Captioned web images:
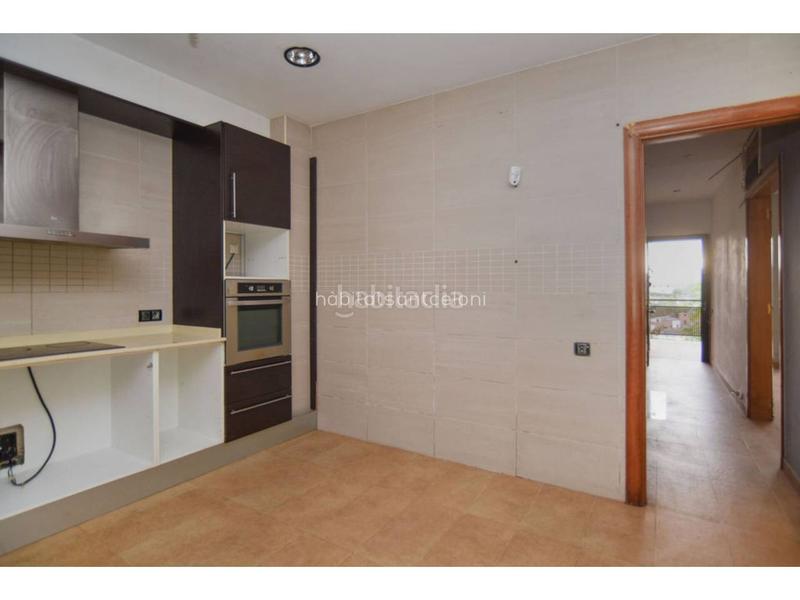 Foto fd22c90b-b3e0-419c-a450-2f625cc58427. Casa con parcheggio in Santa Maria de Palautordera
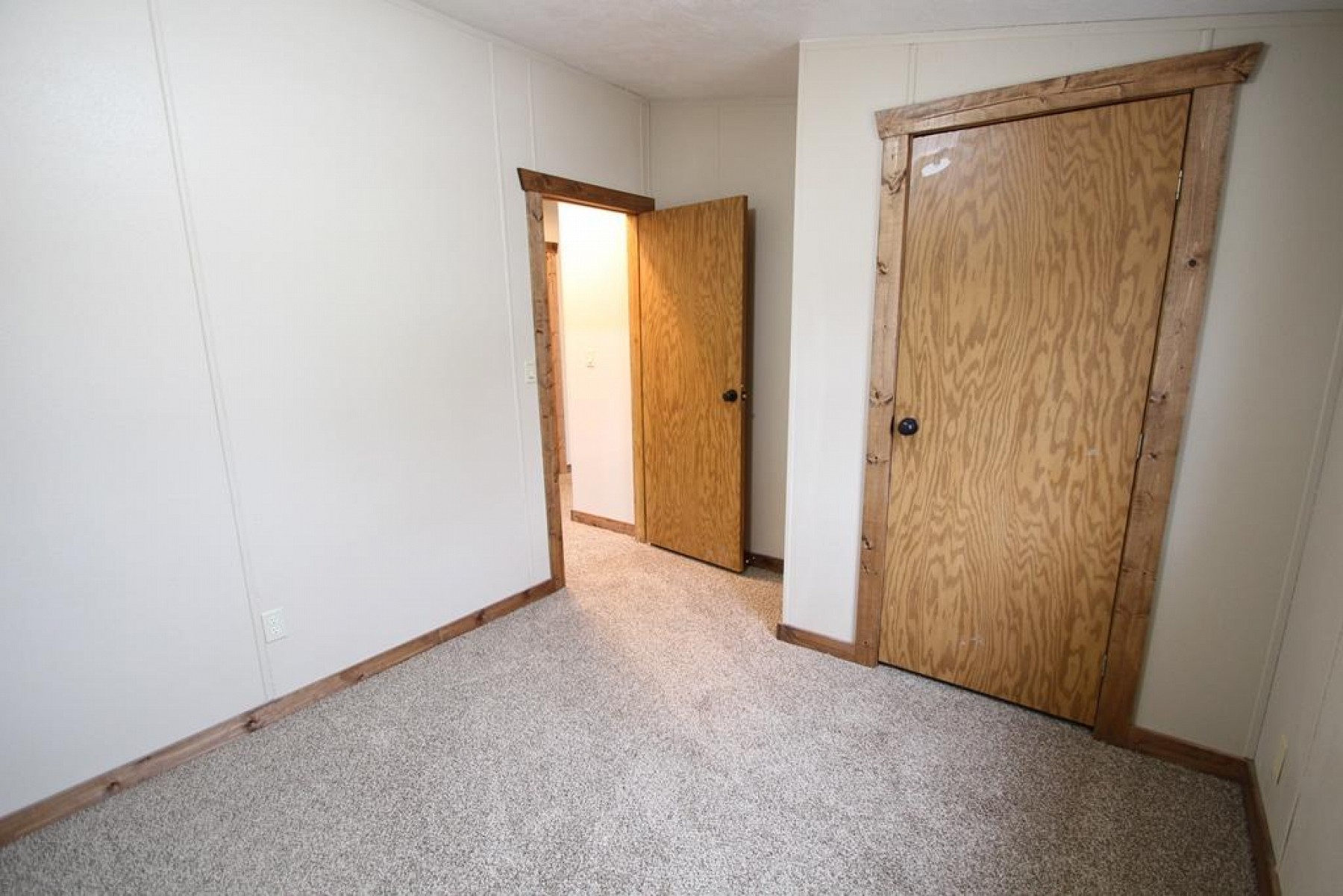 506 E, Brookings, SD 57006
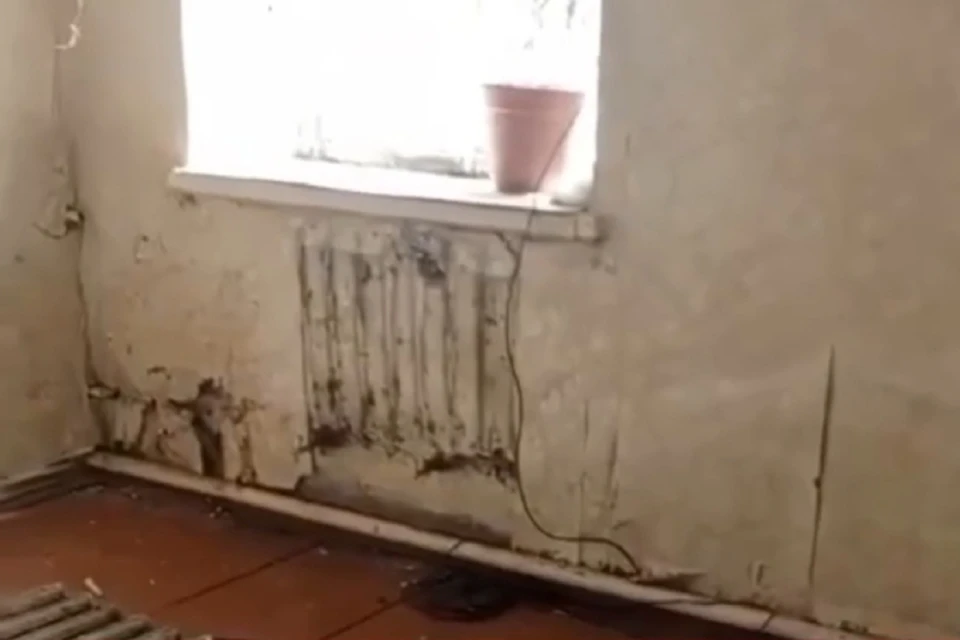 Неизвестные вломились в чужие квартиры и спилили батареи. Фото: скрин с видео кировского отделения Народного фронта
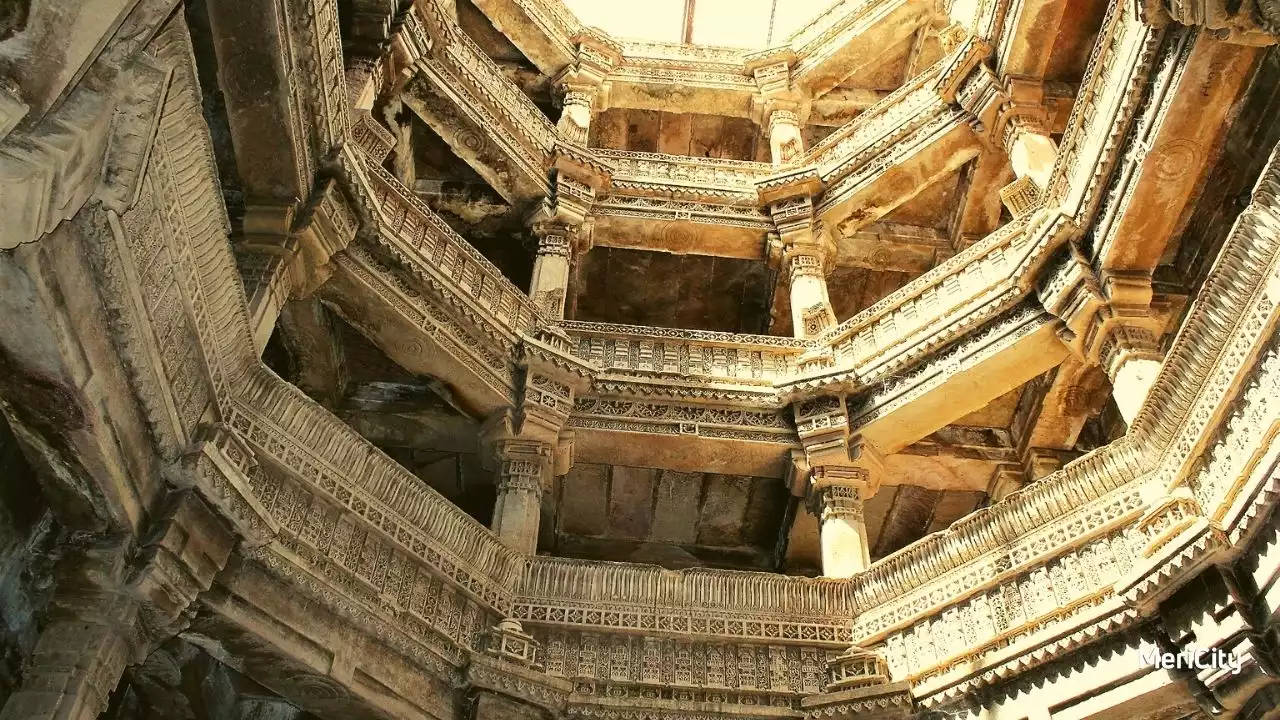 Adalaj Stepwell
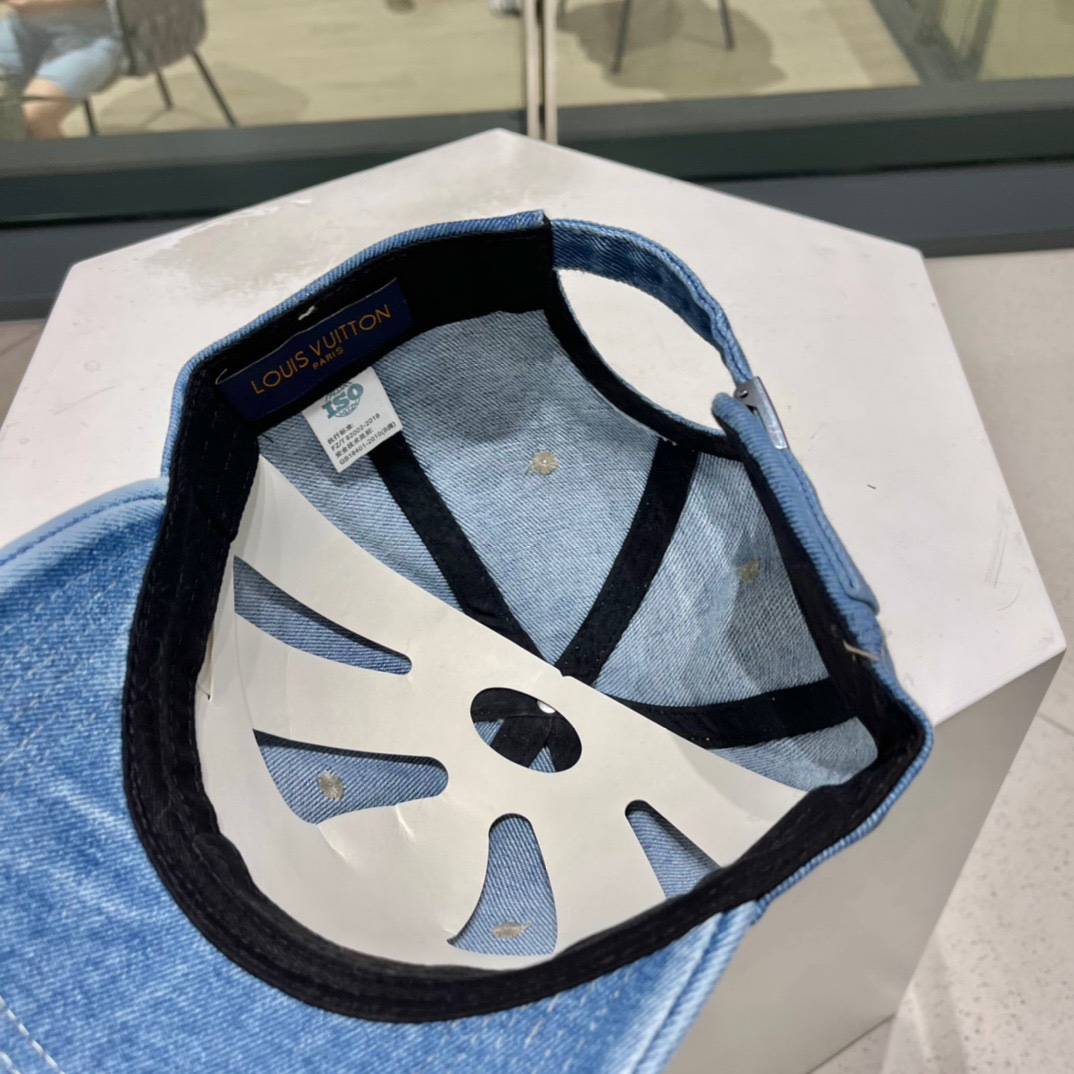  LV路易威登官网同款 棒球帽 最新款透气性超好，细节做工特别精致，专柜品质，简单文静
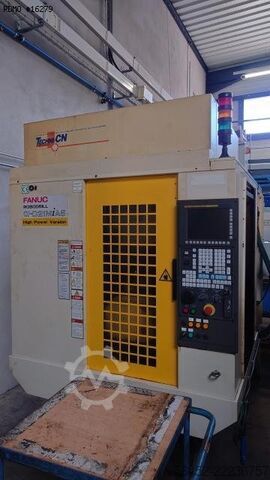 Függőleges megmunkálóközpont FANUC ROBODRILL Alpha-D21MiA5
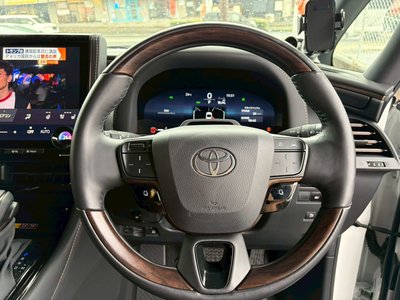 2024 TOYOTA ALPHARD photo 4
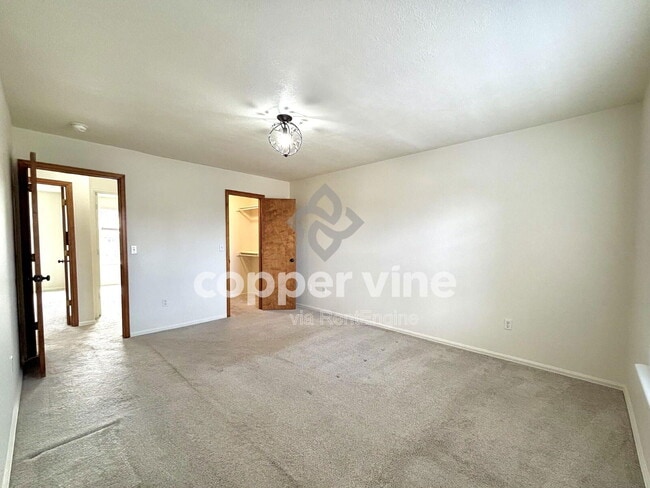 Building Photo - 3070 S Princess Cir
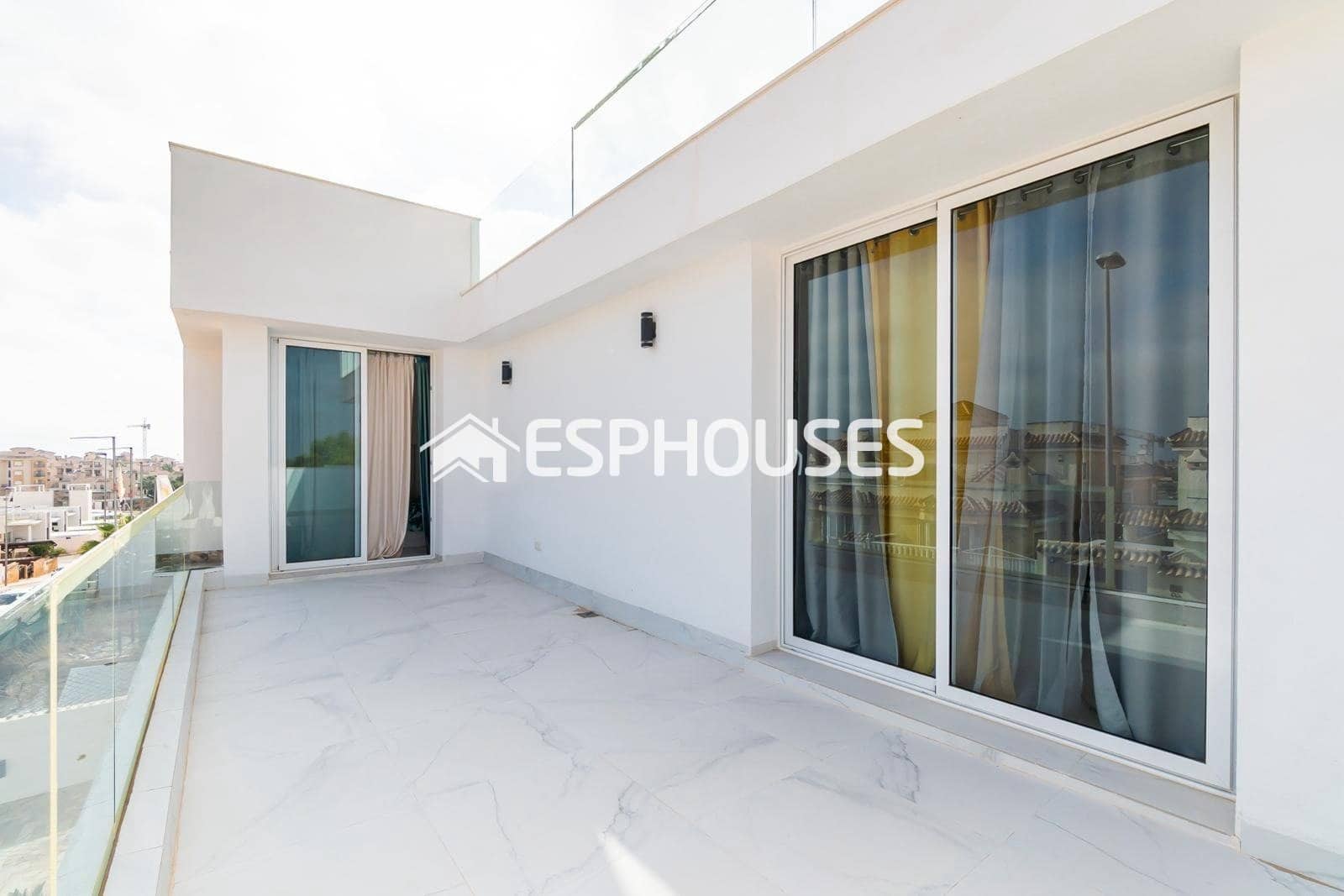 3 quarto Moradia para venda em Orihuela Costa com piscina - 575 000 € (Ref: 9444067)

**Prompt**
Both ends included, copy the lines from the one holding "2024 TOYOTA ALPHARD photo 4" to the last line of the entries exactly, with all pictures left out.

**Solution for this task**
 2024 TOYOTA ALPHARD photo 4
 Building Photo - 3070 S Princess Cir
 3 quarto Moradia para venda em Orihuela Costa com piscina - 575 000 € (Ref: 9444067)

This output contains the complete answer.